You are here

Encoding! eek

Posted at 11:09 on Thu, 6th September 2007 in mysql.

I recently went through hell and back with migrating a clients website over to a new web host: Basically, the lesson learnt here is, when importing data into mysql, make sure your character set's are set properly - client, server, connection, browser - they can all be set to different character sets.

In more detail, the clients database was in utf8 format and since it contains both english and french text, it uses a lot of diacritic marks (otherwise known as accent's). Basically utf8 is Unicode, which is an encoding that can have up to 4 bytes for one character.
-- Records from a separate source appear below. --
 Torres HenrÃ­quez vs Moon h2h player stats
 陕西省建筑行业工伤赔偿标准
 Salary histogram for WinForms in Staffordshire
This allows a very large number of characters to be represented in one encoding. For more information on utf8 see the utf8 wikipedia page

So if you have a database that has utf8 data, and you're on a machine thats default might be latin1, or ISO-8859-1, if you try do a mysql import, you'll find all the 4 bytes characters being converted into individual characters - in other words.. characters (pun) - gibberish characters!
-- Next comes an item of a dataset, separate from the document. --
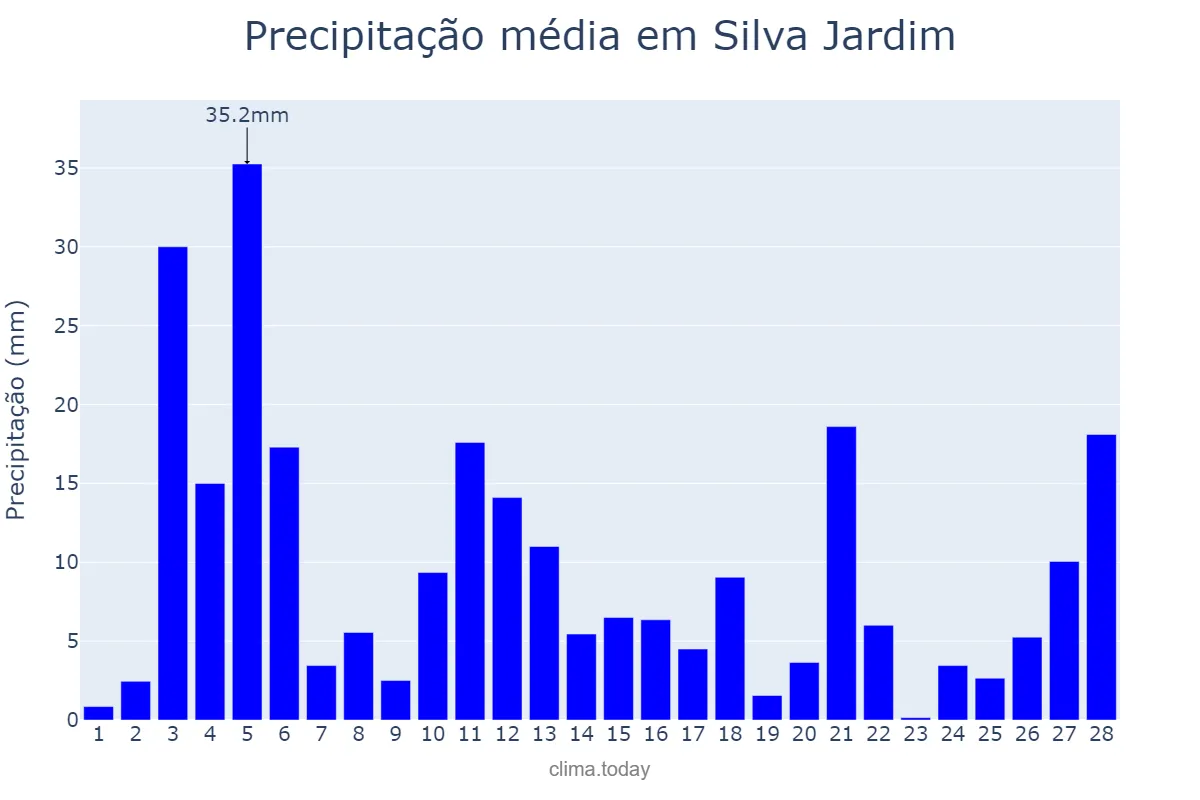 Precipitação em fevereiro em Silva Jardim, RJ, BR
The simple fix is to tell mysql to import the data using the right character set, so:
$ mysql -u root -D mydatabase --default-character-set=utf8 > myexporteddata.sql

In my instance, because the database was so large, I couldn't import via phpmyadmin, and because the web hosting company didn't allow remote mysql connections, they had to do the import themselves - for some reason, after dozens of tickets back and forth, they didn't think to try this.
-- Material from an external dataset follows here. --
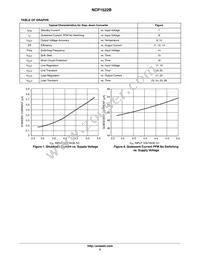 NCP1522BMUTBG Datasheet Page 5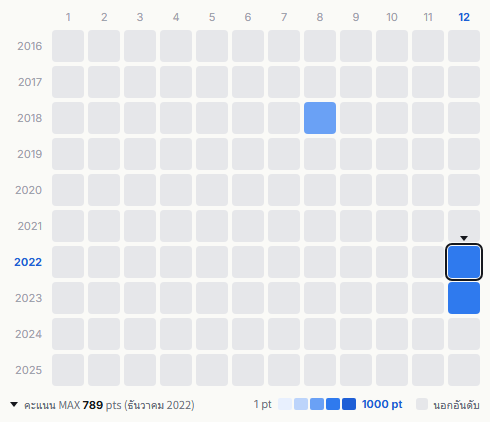 Black Biscuits heatmap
Anyway, I am quite relieved to say the least, since this was a fairly important site/client - I just hope my notes above can save someone else all this trouble - check your encodings!

A few sites that were helpful throughout the ordeal:

You might ask, why not host the site yourself? - unfortunately, which web host a client uses, is not my decision, and since the site's visitors are mostly in Europe, the site needs to be hosted somewhere close by.

If you're looking for a web host that has good uptimes, and features isn't too bad, but don't expect them to make an effort to assist with fixing such issues - they will only go so far.